[Items listed in a dataset]
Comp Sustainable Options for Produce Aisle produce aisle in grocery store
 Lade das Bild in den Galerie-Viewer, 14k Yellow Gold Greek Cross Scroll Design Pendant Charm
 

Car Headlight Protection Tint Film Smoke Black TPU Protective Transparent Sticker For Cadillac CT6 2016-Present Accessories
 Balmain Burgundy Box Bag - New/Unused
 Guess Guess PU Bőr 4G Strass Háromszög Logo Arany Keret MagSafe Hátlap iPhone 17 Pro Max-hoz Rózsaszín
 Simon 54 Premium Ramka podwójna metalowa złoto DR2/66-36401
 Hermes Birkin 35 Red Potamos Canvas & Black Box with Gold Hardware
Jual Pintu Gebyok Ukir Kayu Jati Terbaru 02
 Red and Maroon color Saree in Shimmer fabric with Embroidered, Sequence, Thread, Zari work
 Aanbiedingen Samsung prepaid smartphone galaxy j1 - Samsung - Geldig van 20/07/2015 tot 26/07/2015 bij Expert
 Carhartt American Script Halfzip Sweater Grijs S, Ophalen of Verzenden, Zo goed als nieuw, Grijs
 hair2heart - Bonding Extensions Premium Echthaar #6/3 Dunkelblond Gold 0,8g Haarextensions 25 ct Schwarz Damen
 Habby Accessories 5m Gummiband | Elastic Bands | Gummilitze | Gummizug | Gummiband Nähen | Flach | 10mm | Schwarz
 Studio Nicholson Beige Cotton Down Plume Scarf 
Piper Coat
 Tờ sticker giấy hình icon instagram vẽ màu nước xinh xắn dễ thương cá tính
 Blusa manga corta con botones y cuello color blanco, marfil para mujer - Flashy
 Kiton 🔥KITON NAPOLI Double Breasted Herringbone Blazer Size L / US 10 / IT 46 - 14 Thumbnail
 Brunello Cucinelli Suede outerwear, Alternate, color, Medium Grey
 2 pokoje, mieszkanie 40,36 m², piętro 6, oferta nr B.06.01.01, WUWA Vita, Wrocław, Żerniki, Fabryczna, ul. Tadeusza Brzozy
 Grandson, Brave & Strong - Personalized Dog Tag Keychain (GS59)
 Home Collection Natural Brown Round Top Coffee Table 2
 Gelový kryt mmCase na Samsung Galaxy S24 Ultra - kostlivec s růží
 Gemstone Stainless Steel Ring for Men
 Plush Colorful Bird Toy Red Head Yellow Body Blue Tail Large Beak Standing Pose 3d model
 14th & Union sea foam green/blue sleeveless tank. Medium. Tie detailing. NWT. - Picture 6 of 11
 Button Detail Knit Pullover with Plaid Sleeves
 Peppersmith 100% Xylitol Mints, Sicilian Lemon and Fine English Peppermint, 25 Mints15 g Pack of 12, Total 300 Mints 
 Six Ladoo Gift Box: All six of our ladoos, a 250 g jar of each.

■ Work order
Every entry is to be transcribed exactly as it stands.

■ Answer box
Comp Sustainable Options for Produce Aisle produce aisle in grocery store
 Lade das Bild in den Galerie-Viewer, 14k Yellow Gold Greek Cross Scroll Design Pendant Charm
 

Car Headlight Protection Tint Film Smoke Black TPU Protective Transparent Sticker For Cadillac CT6 2016-Present Accessories
 Balmain Burgundy Box Bag - New/Unused
 Guess Guess PU Bőr 4G Strass Háromszög Logo Arany Keret MagSafe Hátlap iPhone 17 Pro Max-hoz Rózsaszín
 Simon 54 Premium Ramka podwójna metalowa złoto DR2/66-36401
 Hermes Birkin 35 Red Potamos Canvas & Black Box with Gold Hardware
Jual Pintu Gebyok Ukir Kayu Jati Terbaru 02
 Red and Maroon color Saree in Shimmer fabric with Embroidered, Sequence, Thread, Zari work
 Aanbiedingen Samsung prepaid smartphone galaxy j1 - Samsung - Geldig van 20/07/2015 tot 26/07/2015 bij Expert
 Carhartt American Script Halfzip Sweater Grijs S, Ophalen of Verzenden, Zo goed als nieuw, Grijs
 hair2heart - Bonding Extensions Premium Echthaar #6/3 Dunkelblond Gold 0,8g Haarextensions 25 ct Schwarz Damen
 Habby Accessories 5m Gummiband | Elastic Bands | Gummilitze | Gummizug | Gummiband Nähen | Flach | 10mm | Schwarz
 Studio Nicholson Beige Cotton Down Plume Scarf 
Piper Coat
 Tờ sticker giấy hình icon instagram vẽ màu nước xinh xắn dễ thương cá tính
 Blusa manga corta con botones y cuello color blanco, marfil para mujer - Flashy
 Kiton 🔥KITON NAPOLI Double Breasted Herringbone Blazer Size L / US 10 / IT 46 - 14 Thumbnail
 Brunello Cucinelli Suede outerwear, Alternate, color, Medium Grey
 2 pokoje, mieszkanie 40,36 m², piętro 6, oferta nr B.06.01.01, WUWA Vita, Wrocław, Żerniki, Fabryczna, ul. Tadeusza Brzozy
 Grandson, Brave & Strong - Personalized Dog Tag Keychain (GS59)
 Home Collection Natural Brown Round Top Coffee Table 2
 Gelový kryt mmCase na Samsung Galaxy S24 Ultra - kostlivec s růží
 Gemstone Stainless Steel Ring for Men
 Plush Colorful Bird Toy Red Head Yellow Body Blue Tail Large Beak Standing Pose 3d model
 14th & Union sea foam green/blue sleeveless tank. Medium. Tie detailing. NWT. - Picture 6 of 11
 Button Detail Knit Pullover with Plaid Sleeves
 Peppersmith 100% Xylitol Mints, Sicilian Lemon and Fine English Peppermint, 25 Mints15 g Pack of 12, Total 300 Mints 
 Six Ladoo Gift Box: All six of our ladoos, a 250 g jar of each.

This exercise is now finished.